We should instead apply the standard adopted in the Second, Third, and Ninth Circuits, which allows class actions under state contract and fiduciary law where the plaintiffs can prevail on their claims without proving the defendants engaged in deceptive misrepresentations or omissions. In re Kingate Management Ltd. Litig., 784 F.3d 128, 149, 152 (2d Cir. 2015); Freeman Investments, 704 F.3d at 1115-16; LaSala v. Bordier et Cie, 519 F.3d 121, 141 (3d Cir. 2008).
I. SLUSA: The Securities Fraud Core and the Issue of Expansion to Contract Claims
The general story of “SLUSA,” the acronym for the Securities Litigation Uniform Standards Act of 1998, is well known. In 1995, Congress enacted stringent new pleading standards for private federal securities fraud litigation in the Private Securities Litigation Reform Act. Securities plaintiffs and their lawyers responded to the 1995 Act by bringing securities fraud claims involving securities traded on national markets in state courts under state law.
Congress enacted SLUSA to prevent such avoidance of the standards of the 1995 Act. See Merrill Lynch, Pierce, Fenner & Smith Inc. v. Dabit, 547 U.S. 71, 82, 126 S.Ct. 1503, 164 L.Ed.2d 179 (2006). SLUSA includes provisions in 15 U.S.C. §§ 77p(b) and 78bb(f)(l) to bar plaintiffs from using fraud class actions under state statutes or common law in connection with the purchase or sale of a security traded on a national exchange. In that core application, SLUSA seems to be working. The controversial question is whether SLUSA preemption reaches so far as to bar class actions asserting not fraud but only state-law claims for breach of contract or breach of fiduciary duty. If it does, then defendants can manage some extraordinary feats of legal jiu-jitsu to avoid liability for wrongdoing:
Start with a plaintiff, a customer of a bank or securities firm, who believes that she and other customers are the victims of systematic breaches of contract and fiduciary duty. She knows she does not have a viable claim under federal securities law or for common-law fraud. She files a class action in state court under state contract and fiduciary law. The defendant removes to federal court and argues for dismissal under SLUSA. The jiu-jitsu move is that the defendant then embraces a sweeping approach to federal securities law. It argues that the plaintiff could assert a securities fraud claim (though perhaps a fatally flawed one), that that’s what she must really be doing, and that only her artful pleading conceals that claim. If this logical flip works, SLUSA requires dismissal of a perfectly good contract claim.
In our prior SLUSA cases, we have taken care to leave room for state-law claims for breach of contract, at least. See Kurz v. Fidelity Management & Research Co., 556 F.3d 639, 640 (7th Cir. 2009). By extending SLUSA preemption to dismiss the state-law class actions in Goldberg and Holtz, my colleagues effectively immunize a favored category of defendants—banks and securities businesses—from liability for their breaches of contract and fiduciary duty. That is an erroneous interpretation of SLUSA.

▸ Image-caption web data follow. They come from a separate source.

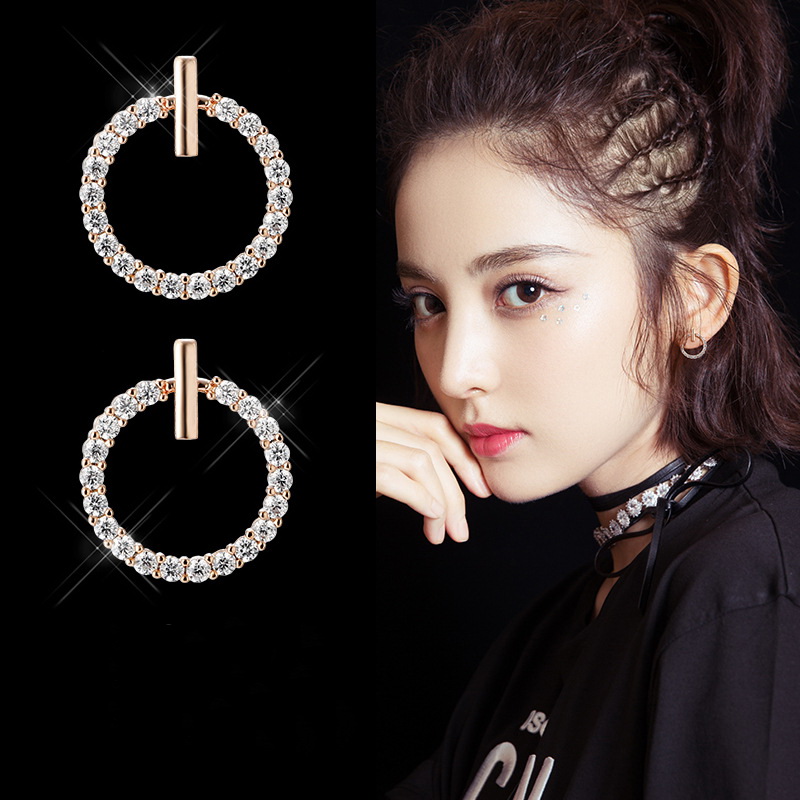 Anting Stud 925 Silver Needle Zircon Gaya Korea Hypoallergenic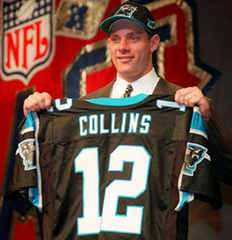 Kerry Collins Signed Panthers Jersey (Beckett) Carolina 1995 1st Round Pick Q.B.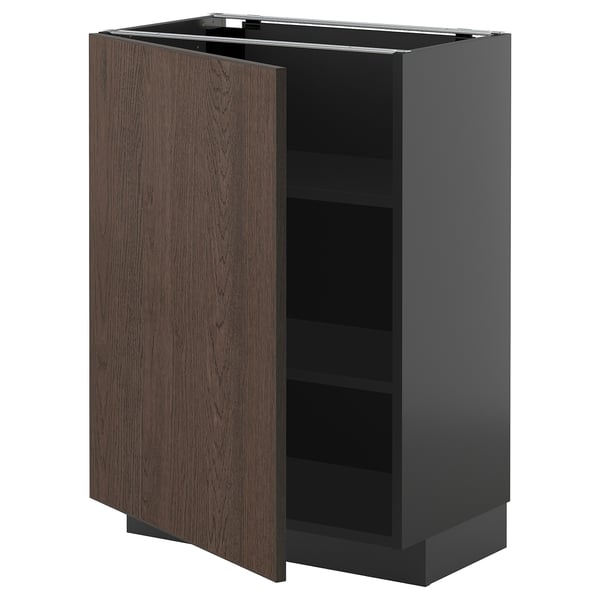 METOD - METOD Base cabinet with shelves, black-grey/Sinarp brown, 60x37 cm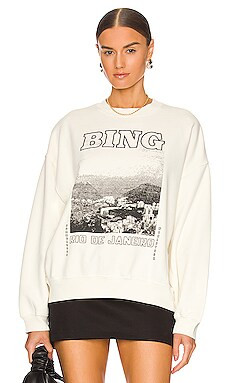 ANINE BING Jaci Sweatshirt Rio De Janeiro in Cream from Revolve.com | Revolve Clothing (Global)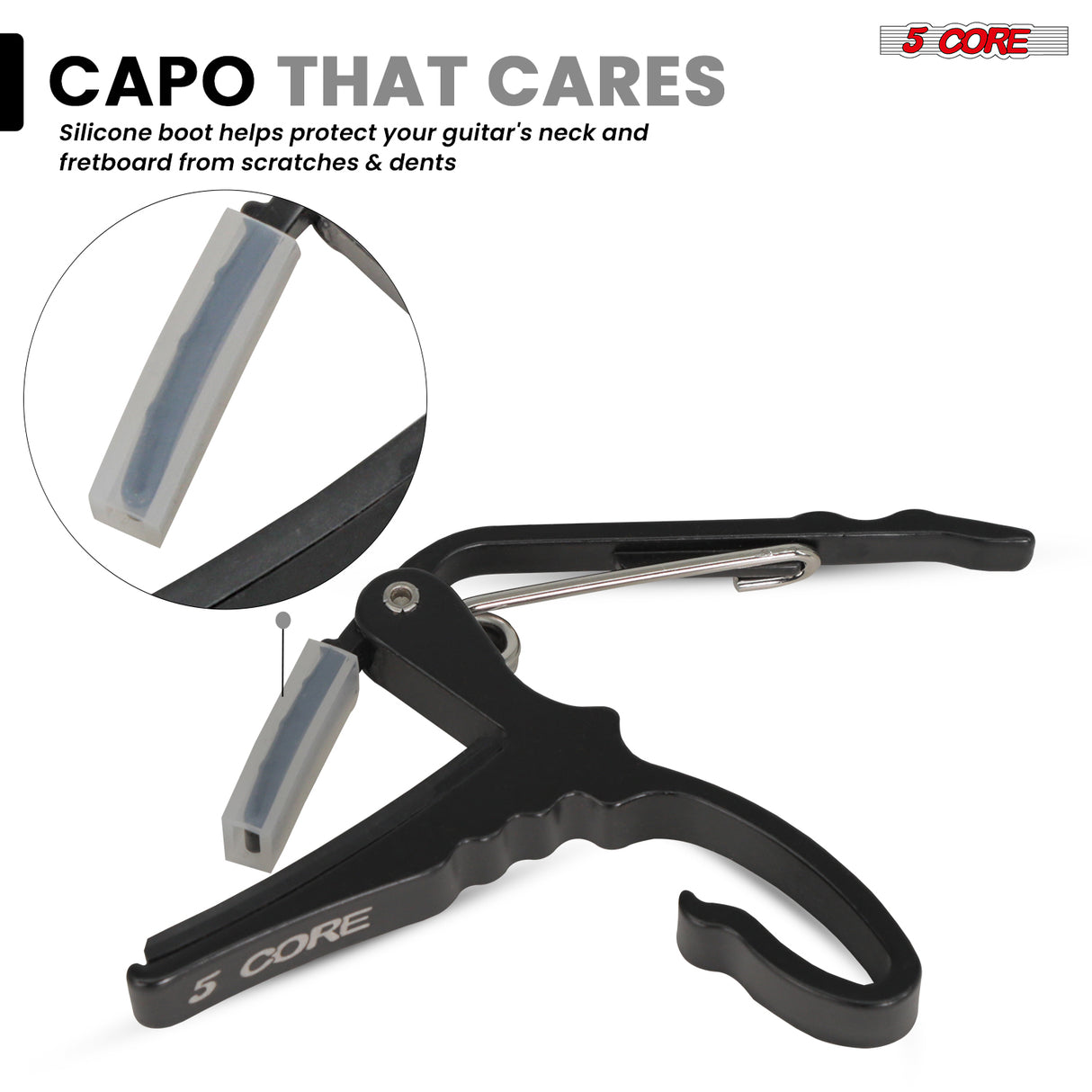 5 Core Guitar Capo Quick Change Acoustic Electric String Clip Banjo Mandolin Or Ukulele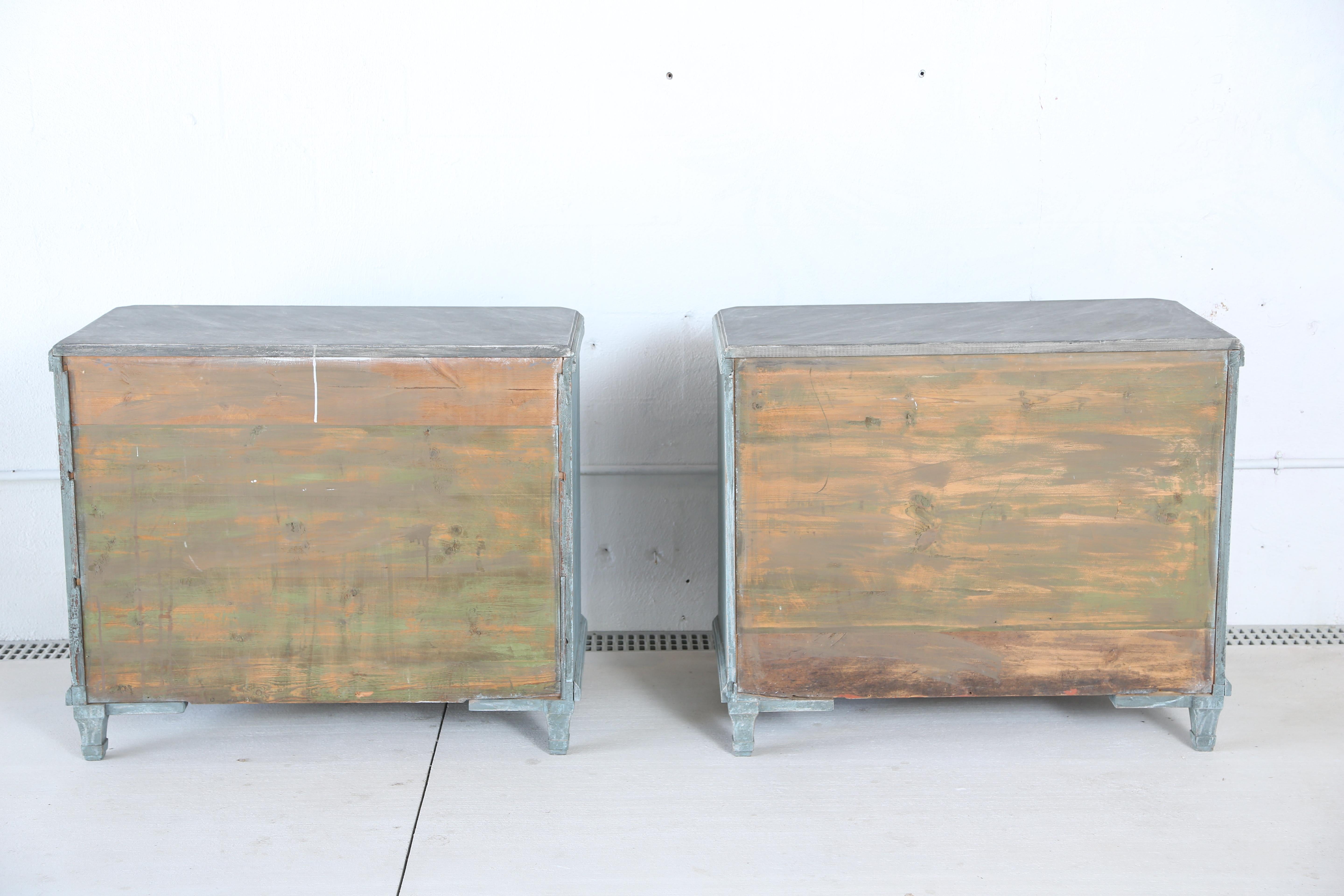 Antique Swedish Gustavian Style Bue Painted Chests, Late 19th Century 6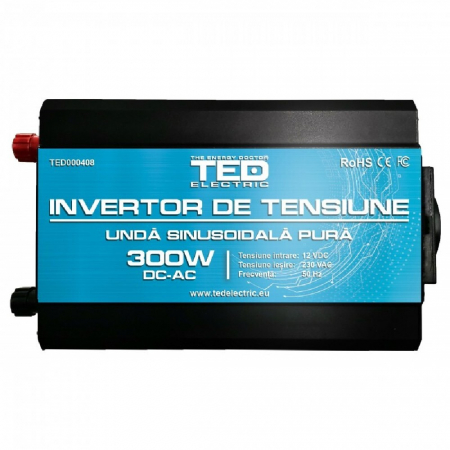 Invertor sinus pur 300W 12V 230V, varf 600W, pentru auto, panouri solare, rulota si camping [0]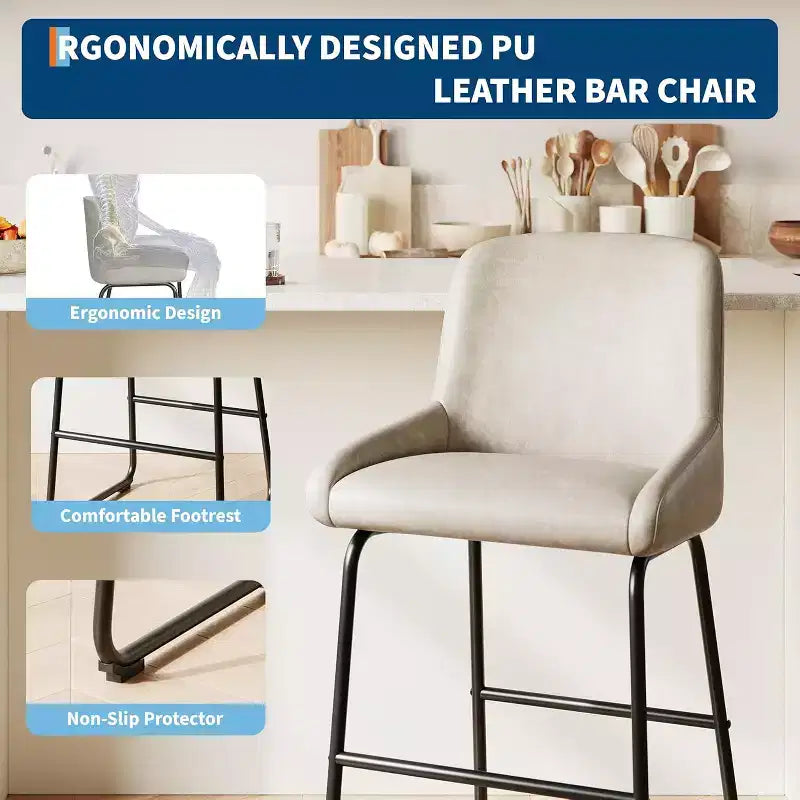 Tabourets de bar en cuir PU à hauteur de comptoir, hauteur d'assise 67,3 cm, dossier rembourré ergonomique et repose-pieds, cadre en métal robuste, chaises de bar sans accoudoirs rembourrées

The critical statutory language describes which state-law class actions are not permitted:
No covered class action based upon the statutory or common law of any State or subdivision thereof may be maintained in any State or Federal court by any private party alleging—
(A) a misrepresentation or omission of a material fact in connection with the purchase or sale of a covered security; or
(B) that the defendant used or employed any manipulative or deceptive device or contrivance in connection with the purchase or sale of a covered security.
15 U.S.C. § 78bb(f)(l). The key phrase in (A), “alleging a misrepresentation or omission of a material fact,” is of course the language of fraud and negligent misrepresentation, and (B) also echoes the prohibitions of federal securities law.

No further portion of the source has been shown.